# Task requirements
Up to and including the line that holds "Tableau sur toile", print the data exactly from its first line; do not print the pictures.

(Beginning of Extracted material)

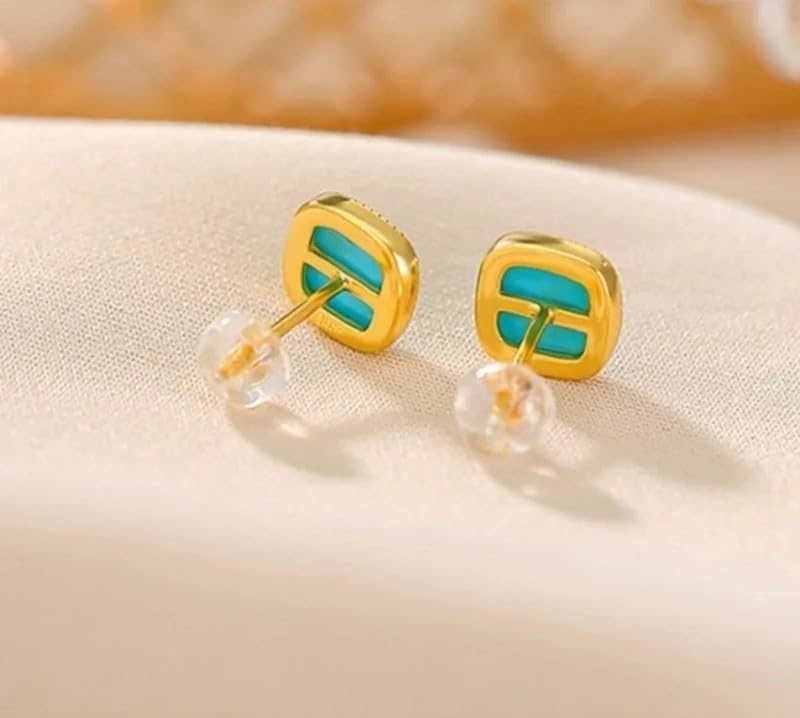 925 Silver Gold Plated Turquoise Square Stud Earrings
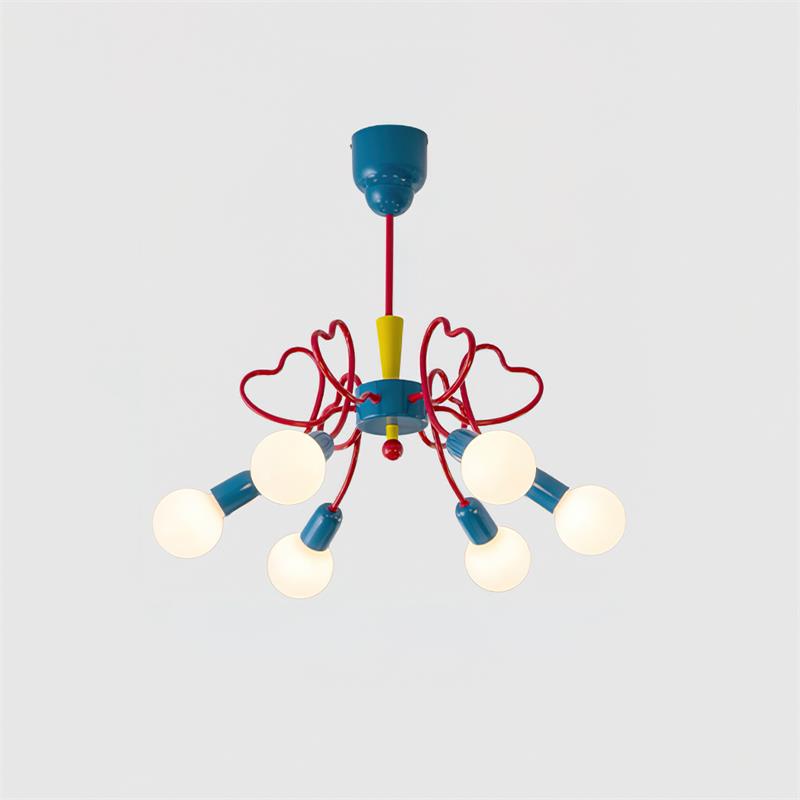 Chandelier Heart-Shaped Arms Colorful Playful Artistic - Letslighting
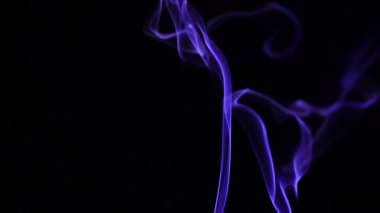 Karanlık bir arkaplanda zarafetle dönen ruhani mor dumanın görüntüsü bir gizem hissi yaratıyor. Yavaş çekim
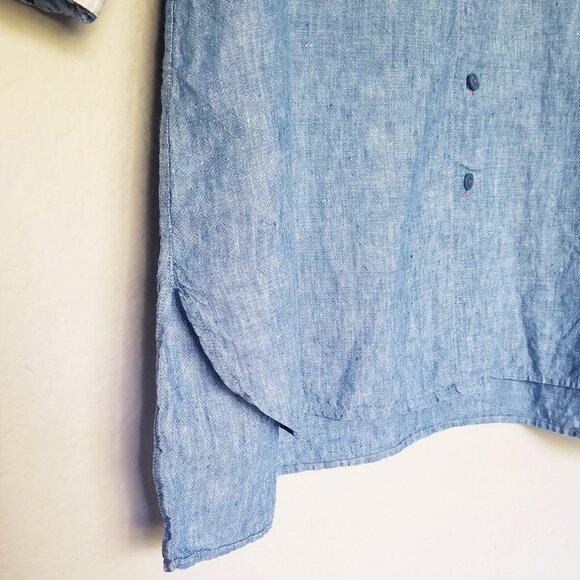 Soft Surroundings 100% Linen Lagenlook Chambray Blue Button Up Tunic Shirt 1X - Picture 12 of 16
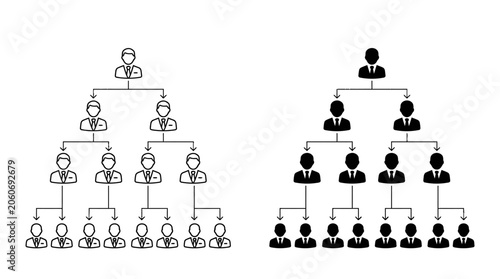 Tableau sur toile Organizational Structures Compared from Top View in Hierarchy
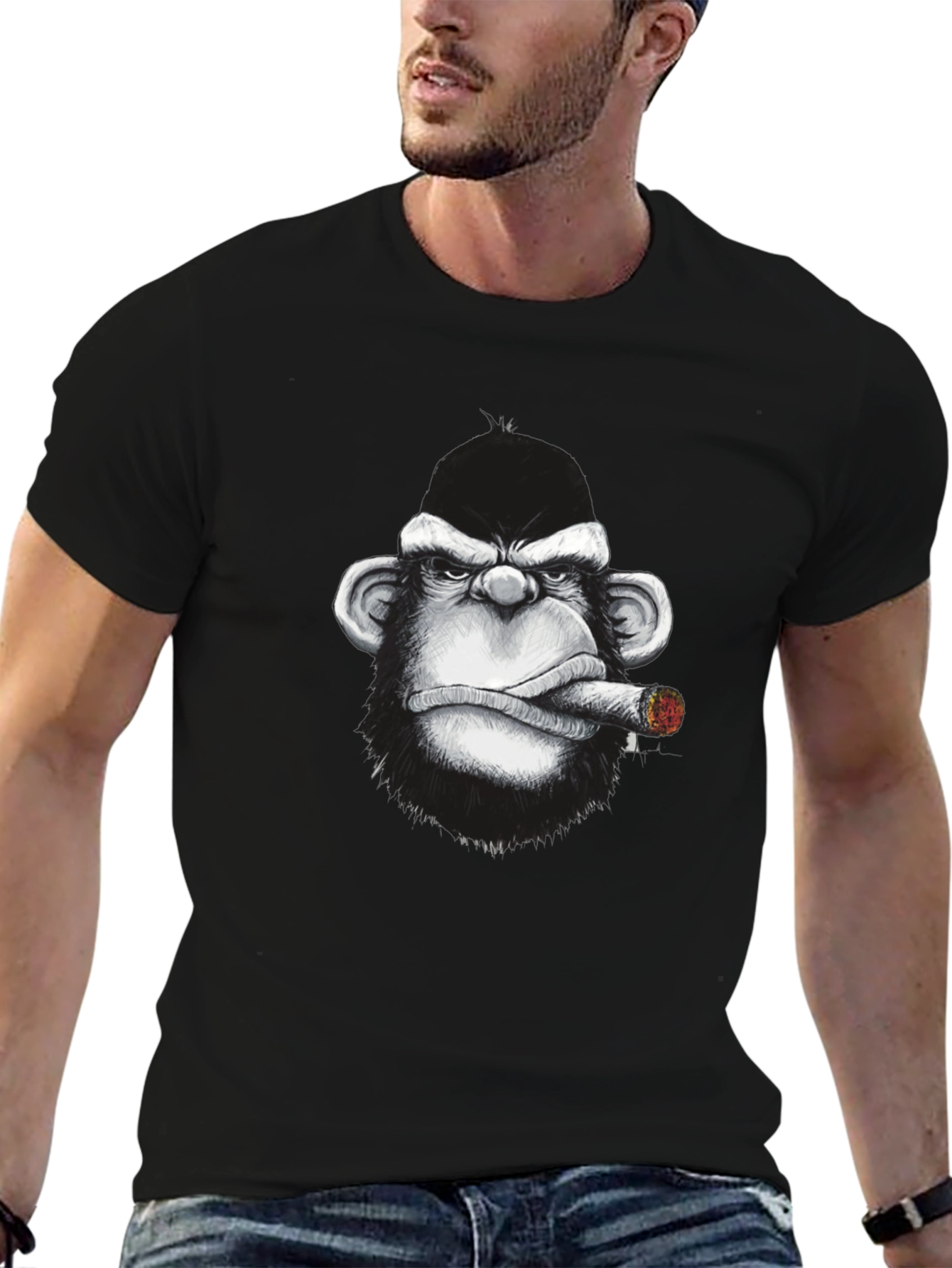 Smoking Monkey Graphic Tee - Cool Streetwear T-Shirt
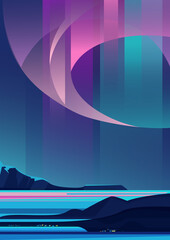 Wall Mural - beautiful aurora borealis. landscape with natural light show in vertical orientation.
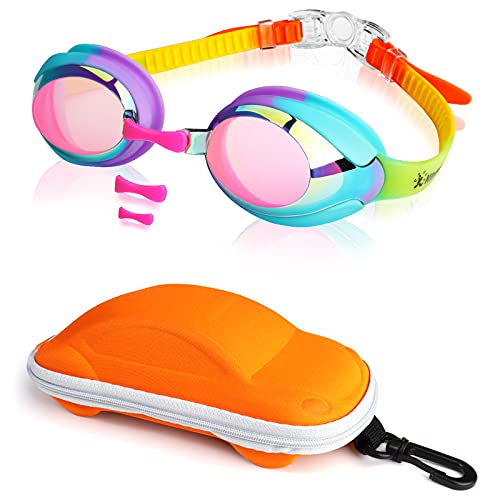 Keary Kids Swim Goggles Swimming Goggles for Toddler Children Girls Boys Youth, Anti-Fog Waterproof UV Protection Clear Vision Mirror Flat Lens Water Pool Goggles with 3 Nose Piece, Rainbow Kids Goggles - Image 1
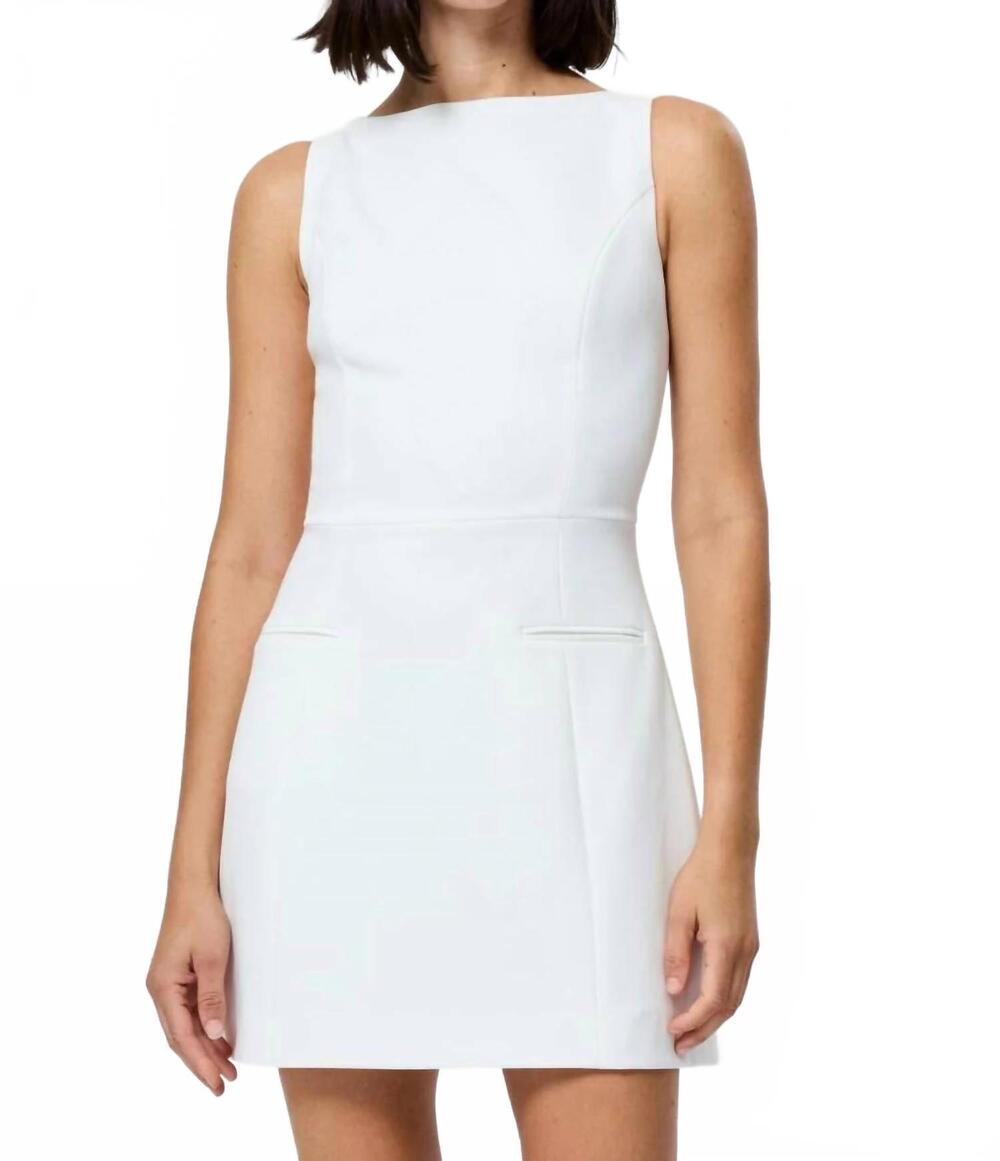 NEW FRENCH CONNECTION whisper boatneck mini dress in summer white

(End of Extracted material)

# Exercise response
 925 Silver Gold Plated Turquoise Square Stud Earrings
 Chandelier Heart-Shaped Arms Colorful Playful Artistic - Letslighting
 Karanlık bir arkaplanda zarafetle dönen ruhani mor dumanın görüntüsü bir gizem hissi yaratıyor. Yavaş çekim
 Soft Surroundings 100% Linen Lagenlook Chambray Blue Button Up Tunic Shirt 1X - Picture 12 of 16
 Tableau sur toile Organizational Structures Compared from Top View in Hierarchy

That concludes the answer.